● **About this exercise**:
Omit the pictures and reproduce the rest of the listing exactly.

● **Data shown**:
##############################
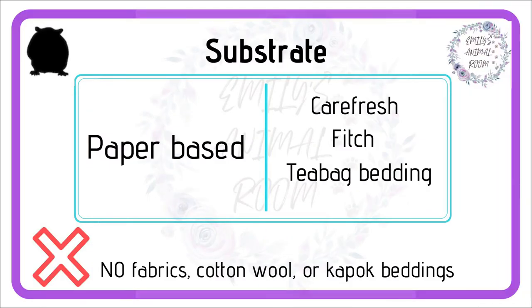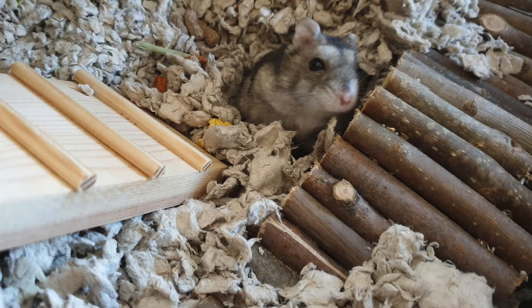Next you need to decide on the substrate. Wood shavings are not good for hamsters, so you're left with a choice of different brands of paper beddings. Hamsters need to be able to dig, so will need the base of their cage, or at least a few inches of their tank, completely filled with bedding. Beddings that are not safe for hamsters include fabrics, cotton wool or kapok fluffy bedding — all of these pose a huge risk and have been known to cause fatalities in hamsters.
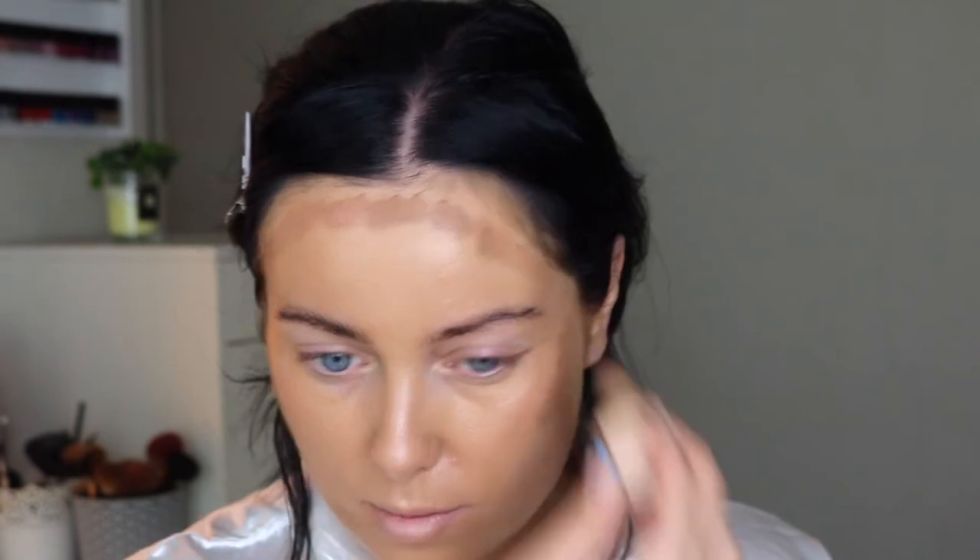I'm using the She Glam Sun Sculpt Liquid Contour, popping that on my cheeks, forehead, and down my nose. I went in quite a lot with this contour — I wanted to make sure everything was really chiseled.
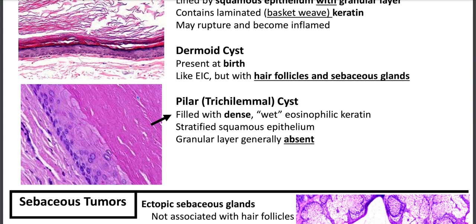Pilar or trichilemmal cysts derive from the isthmus/catagen portion of the hair follicle, which doesn't have a granular layer. That's why for pilar cysts, you don't have a granular layer — you have abrupt keratinization. The keratin is compact, often described as wet, and you'll have a stratified squamous epithelium.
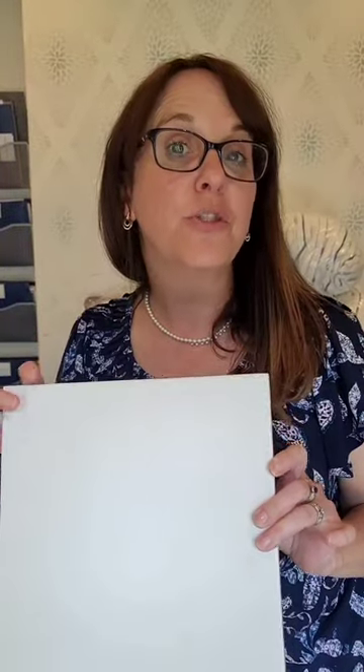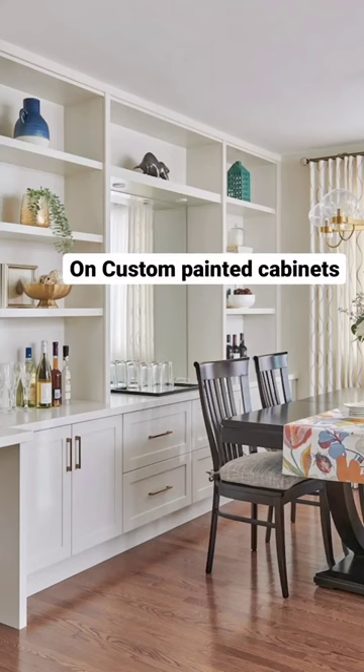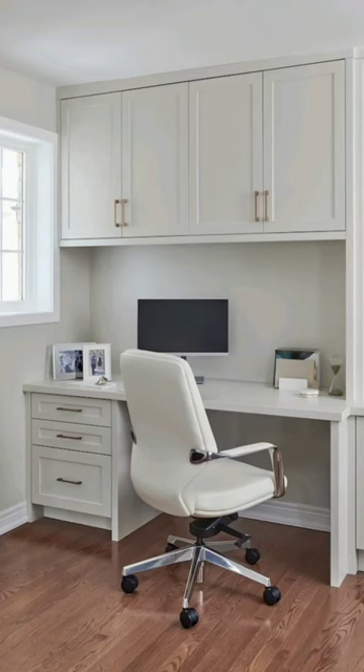We use it for cabinetry too with this hardwood floor. Classic Gray looks fabulous with this medium tone hardwood as well. Comment below to tell me if Classic Gray is a perfect paint color for your next project.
##############################
● **Task answer**:
Next you need to decide on the substrate. Wood shavings are not good for hamsters, so you're left with a choice of different brands of paper beddings. Hamsters need to be able to dig, so will need the base of their cage, or at least a few inches of their tank, completely filled with bedding. Beddings that are not safe for hamsters include fabrics, cotton wool or kapok fluffy bedding — all of these pose a huge risk and have been known to cause fatalities in hamsters.
I'm using the She Glam Sun Sculpt Liquid Contour, popping that on my cheeks, forehead, and down my nose. I went in quite a lot with this contour — I wanted to make sure everything was really chiseled.
Pilar or trichilemmal cysts derive from the isthmus/catagen portion of the hair follicle, which doesn't have a granular layer. That's why for pilar cysts, you don't have a granular layer — you have abrupt keratinization. The keratin is compact, often described as wet, and you'll have a stratified squamous epithelium.
We use it for cabinetry too with this hardwood floor. Classic Gray looks fabulous with this medium tone hardwood as well. Comment below to tell me if Classic Gray is a perfect paint color for your next project.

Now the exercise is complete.